手数料の面でも、使い勝手の良さの面でも、日本の業者が優れたものを提供できるようになれば、新聞に出てくる手口には、日本の会社が並ぶのはいうまでもありません。

したがって、このような手口情報で自分のポジションの張り方を決定するのはおかしいということになります。

「外国人が買っているから」という理由で、なんとなく慰めを得たい気持ちはわかりますが、自身のお金を賭けて取引している以上は、相場の前に外人も日本人も関係ありません。

90年代前半のある大手証券会社のトレーディングフロアでの話しですが、やり手といわれるある部長が顧客に電話をして、「外国人投資家も買っています!」といったところ、その顧客からどこの国かと聞かれて言葉に詰まり、「世界中からです!」と答えていたエビソードがあります。

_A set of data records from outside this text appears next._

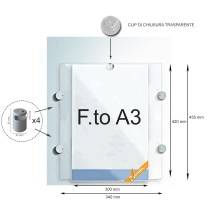 TARGA ESPOSITORE PUBBLICITARIO DA PARETE PORTA PANNELLI INDICAZIONI VARIE MISURE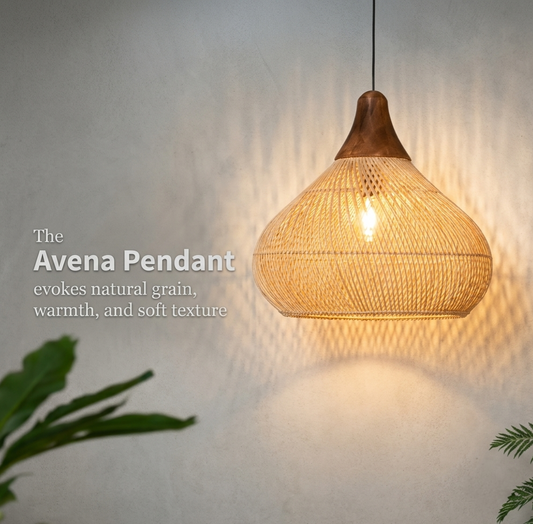 Handcrafted Woven Teardrop Pendant Light for Residential & Commercial Space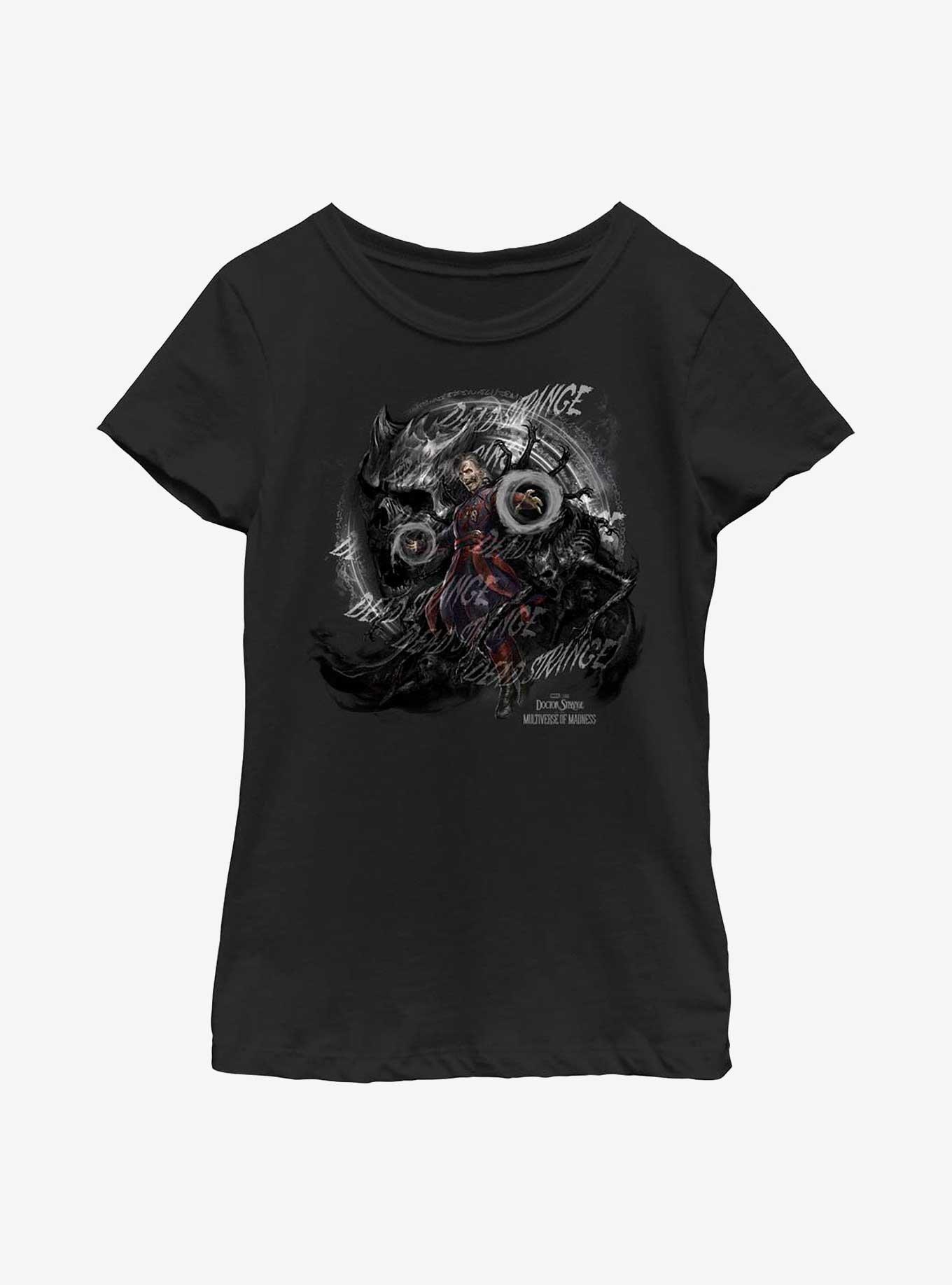 Marvel Doctor Strange In The Multiverse Of Madness Undead Zombie Youth Girls T-Shirt, BLACK, hi-res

そもそも「外国人が日本市場の半分以上を占めている」といわれていますが、円債市場では5%にも至っていないことを考え合わせると、外国人の株式売買シェアが1割を越えることは考えにくいことです。

シカゴのポジション

為替の評論でよく出てくるシカゴの先物ポジションというものも、実に怪しいものです。

先物取引なのだから、買いポジションも売りポジションも1枚もたがわず、分量は同じはずです。そこに出てくる買い越しとか、売り越しというのは何を指すのでしょうか。

それをもとに解説している本人はどう理解しているのかわかりませんが、それはある特定の業者別の建玉残高を合計したものに過ぎないだけかもしれません。

CNBCなど、海外のメディアであまり報道されていないところを見ると、そうした手口の情報をほしがる日本人向けにだけ流しているとしかいいようがありません。

その証拠に為替先物の隣のフロアで取引されているS&P先物は世界一の取引量を誇りますが、そこで買い越しだとか売り越しだのと聞いたことがありません。米国債先物も同様です。

よって、こうした手口情報もありがたいようには見えますが、実用性にはかなり欠けるものがあるということを念頭に置いておかねばなりません。

逆にいうと、そのような有益なはずの情報が無料で出ているならば、なにか隠れた意図があるのではないかと、疑ってかかることすら必要でしょう。

パワープレイは可能か

実際に大きな玉が出ることもあるでしょう。それで相場が何ポイントかでも動くこともあるでしょう。

しかし、それは本当にその大きなフローのせいだったのかは謎のままです。大量に買っても、1ポイントしか上がらなかったら、マーケットのウワサにものぼらないでしょう。

相場には買っていく人が存在できるためには、その反対に売っている人も確実にいるのです。売るほうも、何の考えもなしにやっているわけではないのですから、価格が上がってきているのに、何で売っているのかを考えなくてはいけません。

相場というものは、売り手にも買い手にも同じ立場を与えるものなのです。仮に、本当に隣で大量の買い出動しているのを見たからといって、自分も買いでついていっても、必ずしも儲かるとは限りません。

したがって、あまり「誰が買っていたか」などに気を使い過ぎるのもよくないということになります。

確かに相場が上昇したならば、その原因を突きとめるのは大切なことです。また、それを知りたくなるのも人間の本性です。

しかし、その上がったという事実をちゃんと認めて、眼前にあるマーケットレートに向かっていくほうが素直な態度だと思われます。

パワープレーを過信して、それに時間を費やすと、せっかくのチャンスを見逃すということにもなりかねません。調べごとに費やすのは、トレードにおいては時間の浪費になるだけです。

実際の相場に向かうときには、しっかりと値段の動きをウォッチし続けることのほうが大切です。上がってしまって、その理由がわからないと、次の手が打てないようではいけません。誰かが買ったから相場が上がったのかもしれませんが、誰も買わなくても相場は上がることはあるのです。(月刊FX攻略.com 2012年12月号掲載)。